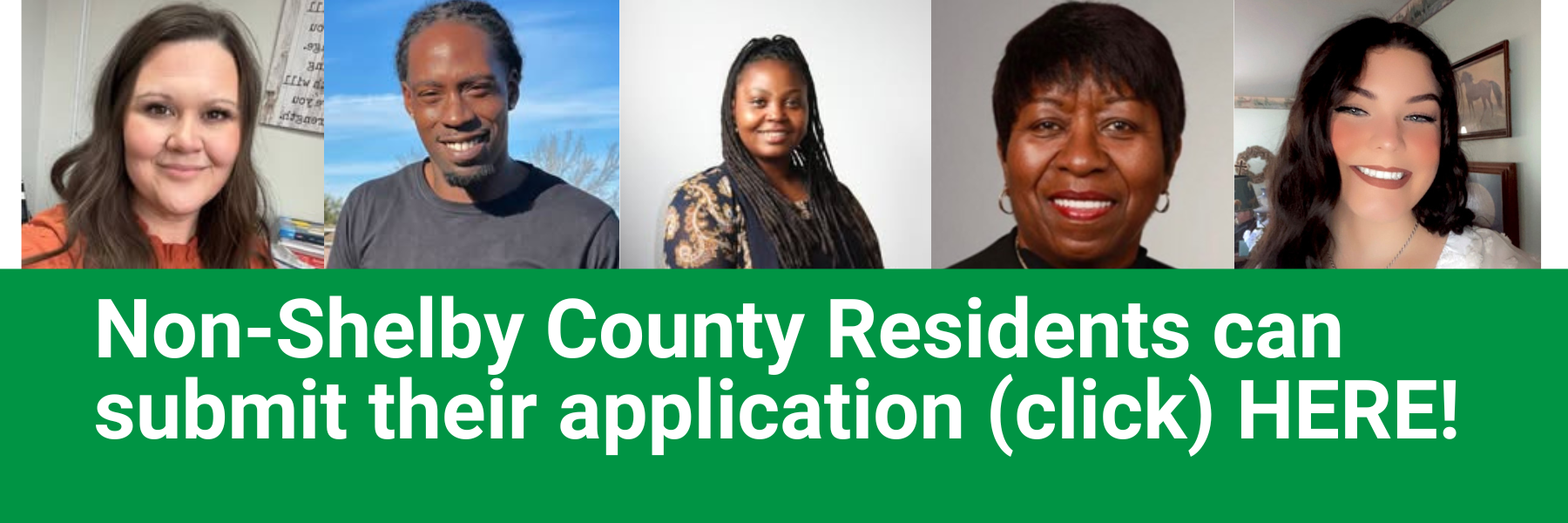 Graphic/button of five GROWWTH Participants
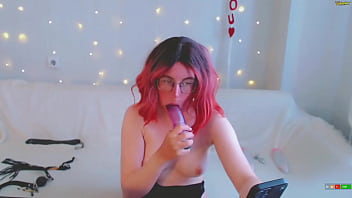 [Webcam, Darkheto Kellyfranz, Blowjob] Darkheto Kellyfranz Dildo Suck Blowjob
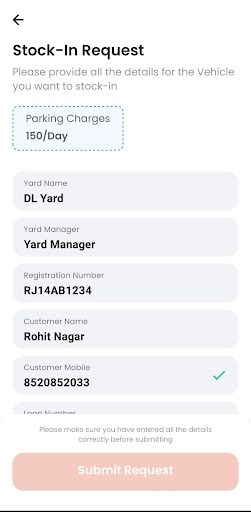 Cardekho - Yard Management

==

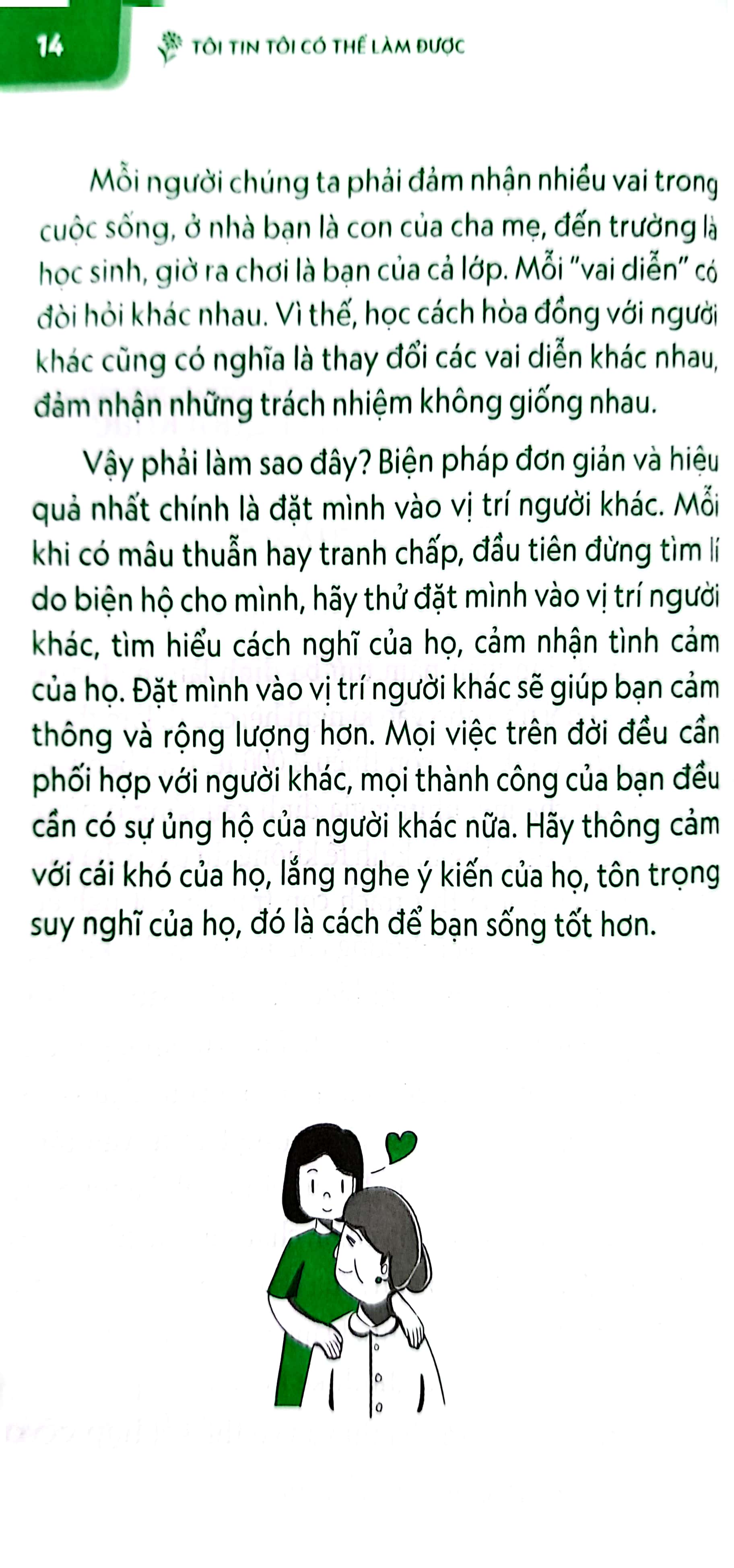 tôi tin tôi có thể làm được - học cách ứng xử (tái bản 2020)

--

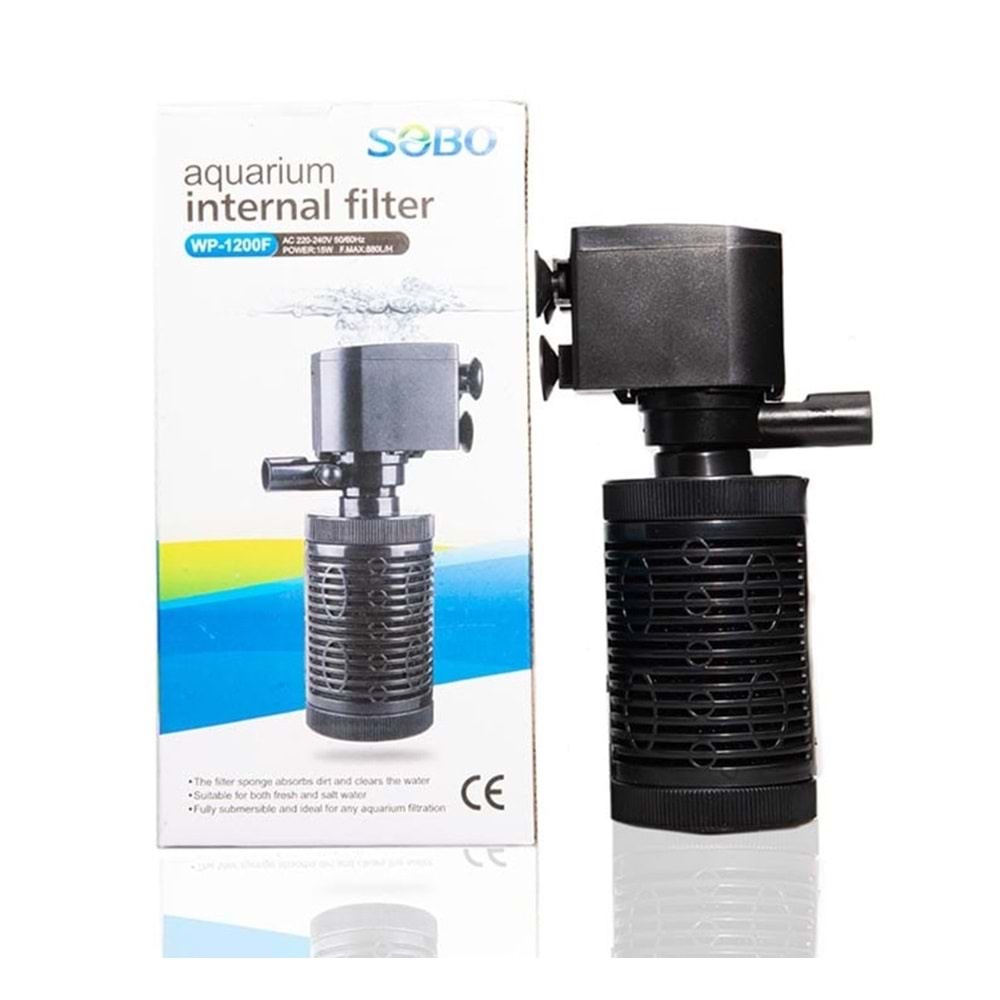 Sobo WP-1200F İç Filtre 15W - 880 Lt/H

TASK PROMPT
A clean copy is needed of the lines above from the one with "Graphic/button of five GROWWTH Participants" up to and including the one with "Cardekho - Yard Management". Please set it down exactly, with no pictures.

ANSWER TO THE PROBLEM
 Graphic/button of five GROWWTH Participants
 [Webcam, Darkheto Kellyfranz, Blowjob] Darkheto Kellyfranz Dildo Suck Blowjob
 Cardekho - Yard Management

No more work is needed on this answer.